16 January 2009

Two-Lane Blacktop

According to the book, I'm supposed to watch Two-Lane Blacktop because...well, the book is way over there and as much as the film felt like putting effort into entertaining me...

There's much promise in the film. About the same time as Easy Rider, but less arrogance, muscle cars and the promise of a road race without a cast of has-beens and wanna-bees, the word "balls" or a gag reel at the end. On top of this, the joy of meeting a young Warren Oats.

You don't know Warren Oats? Yes you do! You've seen Stripes! Big Toe, Sgt. Hulka - that's Warren Oates. But not in Two-Lane Blacktop. He's sketchy-very-thin guy with a fast car that wants to race cross-country for pink slips. Watch it just to have your jaw drop and go, "that's Sgt. Hulka?" Really, the things our generation doesn't know...

So you know there's a race. Did I mention the hitchhiker, Bird? Yeah, she's cute and she has sex with our two intrepid young men who are theoretically the heroes of our little piece (played by James Taylor and Dennis Wilson). Sound boring? Don't worry, it really is that anti-climatic. Anti-climatci is the theme with everything in the movie - the sex, friendship, money, racing, and life.

This film is discussed in by the women in Tarantino's Death Proof - his half of Grindhouse. I found that dialogue disingenuous in the same way that Two-Lane became disingenuous. In Death Proof, you know Taratino is writing his dream girls - a little sexy, a little daring, very tough, extremely badass and a volume of pop culture knowledge that only he could match.

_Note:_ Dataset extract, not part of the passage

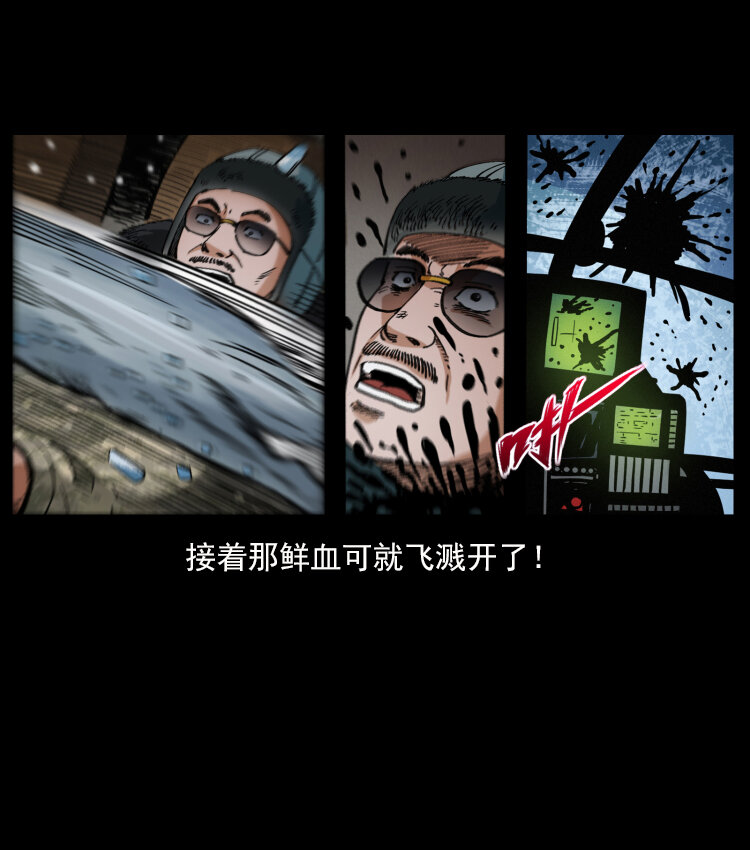 475 撤退61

In Two-Lane Blacktop, you know that these guys are aiming for cult status right away. The more the film tries for disaffected youth without direction except the road, the harder it gets to be invested. There are those that swear by this, but I left the film just feeling as if everything was trying so hard not to try so hard. If you're trying that hard not to try so hard, you want me to care - but I'm not supposed to care! Unless I want to be uber-cool, and then I care. See - this is crazy Jane-type behavior and I just want off this thing!

My apologies. That last sentence was at least 12.6 zillion times more exciting than anything you'll see in Two-Lane Blacktop. Of course, I now know Sgt. Hulka before he became a big toe, so it wasn't a total loss.